The discovery of gas at first had no significant impact on Amarillo or the Panhandle even though it soon became available commercially as a cheap fuel for heating and cooking in homes and businesses and a few industries.

Another group of investors put together a group of leases in Carson County, east of Amarillo, and succeeding in getting the Gulf Production Co. interested in drilling a test well. That hole brought only gas, but on May 2, 1921, a second test, the Gulf Oil No. 2 Burnett, struck oil at 3,052 feet. The well produced 200 barrels a day, but it had been proven that the Panhandle might have more to offer than good grazing and farming land. Following the initial discoveries in Carson County, drilling spread across the Panhandle.

In Hutchinson County, the Dixon Creek Oil and Refining Co. No. 1 Smith came in at 400 barrels a day in March 1925. By the summer of 1926, a total of 174 High Plains wells averaged 48,985 gallons a day. The company's No. 2 Smith hit oil in December, the well making 3,000 barrels a day. Based on that, the No. 1 well was reentered and drilled a bit deeper. That proved to have been a pretty good idea because the well blew in as a gusher on January 11, 1926, producing 10,000 barrels a day. Nine months later 813 wells along or near Dixon Creek were producing 165,000 barrels a day.

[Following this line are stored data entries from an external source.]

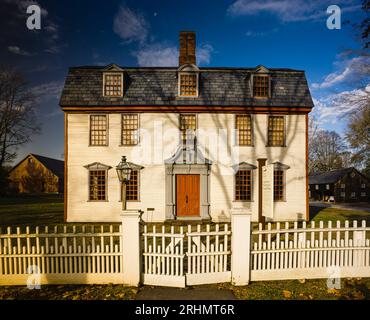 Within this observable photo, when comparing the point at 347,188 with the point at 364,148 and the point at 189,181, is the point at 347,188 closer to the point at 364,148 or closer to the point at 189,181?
the point at 364,148

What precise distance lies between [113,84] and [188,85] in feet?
15.0

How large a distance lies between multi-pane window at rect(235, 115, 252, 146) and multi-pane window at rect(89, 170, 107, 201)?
328 inches

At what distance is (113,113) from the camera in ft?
43.5

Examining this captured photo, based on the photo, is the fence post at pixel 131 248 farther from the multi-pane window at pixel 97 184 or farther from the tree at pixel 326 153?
the tree at pixel 326 153

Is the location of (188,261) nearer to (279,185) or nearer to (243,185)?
(243,185)

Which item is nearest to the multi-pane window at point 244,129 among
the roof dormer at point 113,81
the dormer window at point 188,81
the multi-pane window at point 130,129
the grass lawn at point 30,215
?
the dormer window at point 188,81

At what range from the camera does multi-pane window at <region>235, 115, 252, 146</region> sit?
1344cm

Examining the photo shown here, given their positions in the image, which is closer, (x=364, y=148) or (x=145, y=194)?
(x=145, y=194)

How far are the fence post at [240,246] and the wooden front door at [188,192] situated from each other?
7.66m

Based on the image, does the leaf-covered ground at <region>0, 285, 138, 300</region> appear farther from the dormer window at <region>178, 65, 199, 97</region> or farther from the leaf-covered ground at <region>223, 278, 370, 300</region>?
→ the dormer window at <region>178, 65, 199, 97</region>

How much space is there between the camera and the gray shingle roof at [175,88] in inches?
523

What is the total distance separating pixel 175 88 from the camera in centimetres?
1373

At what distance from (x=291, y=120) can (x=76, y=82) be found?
1333cm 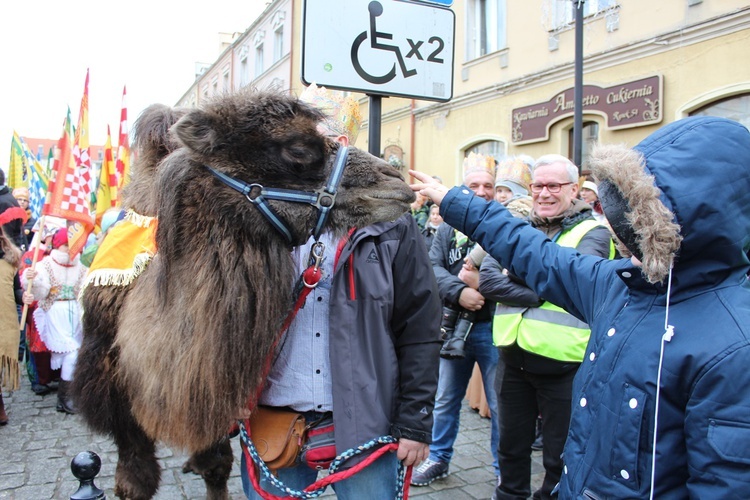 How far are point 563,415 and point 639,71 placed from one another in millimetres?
8984

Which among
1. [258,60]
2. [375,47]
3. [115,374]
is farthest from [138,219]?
[258,60]

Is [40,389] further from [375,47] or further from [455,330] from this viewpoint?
[375,47]

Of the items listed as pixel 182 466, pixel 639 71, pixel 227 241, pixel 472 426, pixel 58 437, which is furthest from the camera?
pixel 639 71

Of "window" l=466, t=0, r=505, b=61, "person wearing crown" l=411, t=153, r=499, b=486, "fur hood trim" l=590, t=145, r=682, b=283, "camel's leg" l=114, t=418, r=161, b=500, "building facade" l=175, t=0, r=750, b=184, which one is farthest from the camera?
"window" l=466, t=0, r=505, b=61

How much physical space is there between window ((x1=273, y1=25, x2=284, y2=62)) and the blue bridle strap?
24747mm

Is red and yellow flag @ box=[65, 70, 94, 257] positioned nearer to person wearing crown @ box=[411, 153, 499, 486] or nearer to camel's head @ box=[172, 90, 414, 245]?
person wearing crown @ box=[411, 153, 499, 486]

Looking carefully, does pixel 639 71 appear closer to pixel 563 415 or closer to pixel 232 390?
pixel 563 415

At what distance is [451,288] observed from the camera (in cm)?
407

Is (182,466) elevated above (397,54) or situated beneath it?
situated beneath

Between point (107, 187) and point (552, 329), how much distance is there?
17.8ft

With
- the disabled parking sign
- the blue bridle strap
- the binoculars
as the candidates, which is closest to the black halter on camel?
the blue bridle strap

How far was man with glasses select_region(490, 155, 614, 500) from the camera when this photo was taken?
317 cm

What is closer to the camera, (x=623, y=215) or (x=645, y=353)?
(x=645, y=353)

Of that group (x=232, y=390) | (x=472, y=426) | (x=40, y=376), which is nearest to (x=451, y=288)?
(x=472, y=426) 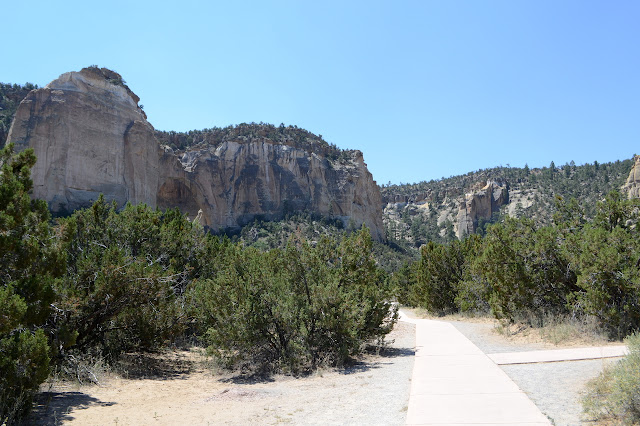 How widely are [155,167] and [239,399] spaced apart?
60.9 metres

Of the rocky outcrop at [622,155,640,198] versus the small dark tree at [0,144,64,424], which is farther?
the rocky outcrop at [622,155,640,198]

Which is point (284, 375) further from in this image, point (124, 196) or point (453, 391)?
point (124, 196)

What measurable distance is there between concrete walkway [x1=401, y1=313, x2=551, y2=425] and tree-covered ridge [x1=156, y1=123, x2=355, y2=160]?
7614 cm

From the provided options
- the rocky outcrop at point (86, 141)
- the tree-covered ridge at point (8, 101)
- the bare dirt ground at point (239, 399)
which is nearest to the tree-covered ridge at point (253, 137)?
the rocky outcrop at point (86, 141)

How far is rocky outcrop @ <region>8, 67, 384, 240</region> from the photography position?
178ft

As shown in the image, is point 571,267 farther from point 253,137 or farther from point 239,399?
point 253,137

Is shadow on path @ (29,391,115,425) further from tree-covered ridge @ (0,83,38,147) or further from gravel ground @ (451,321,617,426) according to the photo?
tree-covered ridge @ (0,83,38,147)

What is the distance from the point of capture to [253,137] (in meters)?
84.6

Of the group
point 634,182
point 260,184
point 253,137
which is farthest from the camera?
point 253,137

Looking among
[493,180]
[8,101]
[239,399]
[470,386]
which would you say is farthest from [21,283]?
[493,180]

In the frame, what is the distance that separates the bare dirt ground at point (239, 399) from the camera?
6.76 meters

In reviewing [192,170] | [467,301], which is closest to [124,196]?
[192,170]

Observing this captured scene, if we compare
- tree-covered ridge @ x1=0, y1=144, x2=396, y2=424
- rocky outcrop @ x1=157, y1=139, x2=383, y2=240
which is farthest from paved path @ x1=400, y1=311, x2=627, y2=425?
rocky outcrop @ x1=157, y1=139, x2=383, y2=240

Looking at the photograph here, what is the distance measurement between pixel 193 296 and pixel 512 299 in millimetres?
10119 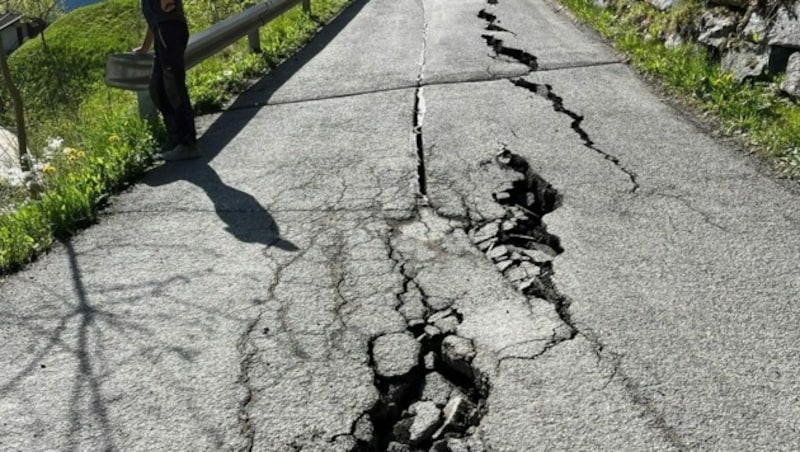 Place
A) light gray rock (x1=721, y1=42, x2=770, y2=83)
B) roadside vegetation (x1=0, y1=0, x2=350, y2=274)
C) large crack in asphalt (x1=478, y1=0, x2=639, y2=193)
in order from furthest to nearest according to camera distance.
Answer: light gray rock (x1=721, y1=42, x2=770, y2=83) < large crack in asphalt (x1=478, y1=0, x2=639, y2=193) < roadside vegetation (x1=0, y1=0, x2=350, y2=274)

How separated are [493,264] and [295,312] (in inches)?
44.4

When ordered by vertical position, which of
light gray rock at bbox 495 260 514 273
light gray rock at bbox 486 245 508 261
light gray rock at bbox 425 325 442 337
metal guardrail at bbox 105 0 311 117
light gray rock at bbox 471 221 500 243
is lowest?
light gray rock at bbox 471 221 500 243

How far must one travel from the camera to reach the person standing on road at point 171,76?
19.1 feet

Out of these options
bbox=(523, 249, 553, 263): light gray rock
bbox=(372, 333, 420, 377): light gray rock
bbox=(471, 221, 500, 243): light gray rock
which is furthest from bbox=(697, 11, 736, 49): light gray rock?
bbox=(372, 333, 420, 377): light gray rock

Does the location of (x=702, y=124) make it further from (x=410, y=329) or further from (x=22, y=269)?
(x=22, y=269)

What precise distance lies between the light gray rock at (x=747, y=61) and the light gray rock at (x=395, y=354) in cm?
484

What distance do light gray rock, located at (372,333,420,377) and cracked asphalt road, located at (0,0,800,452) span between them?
0.5 inches

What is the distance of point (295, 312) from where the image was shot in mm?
3654

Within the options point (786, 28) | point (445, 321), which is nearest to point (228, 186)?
point (445, 321)

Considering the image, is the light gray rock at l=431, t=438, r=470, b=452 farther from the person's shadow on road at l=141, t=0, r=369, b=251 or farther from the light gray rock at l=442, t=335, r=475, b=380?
the person's shadow on road at l=141, t=0, r=369, b=251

The northern-most part of the state had been found to be what one writer termed "petroliferous." Oklahoma land promoter A. P. "Ace" Borger and partner John R. Miller, an attorney, bought a 240-acre tract in the southern part of the county and developed a town site. Borger not-so-mod- estly thought the place should be named in his honor, and Borger, Texas, was born. In March 1926, Borger, Texas, shot up from Canadian river-break ranchland to boom-town status like a valve blow- ing off an over-pressured pipe. By the early fall, Borger approached a population of 45,000 and had a rail connection, a post office and a school, not to mention hotels, stores, bars and houses of ill repute. Soon it also had a power plant for electrical generation, telephone service, a hospital and a scrappy newspaper, the Borger Herald.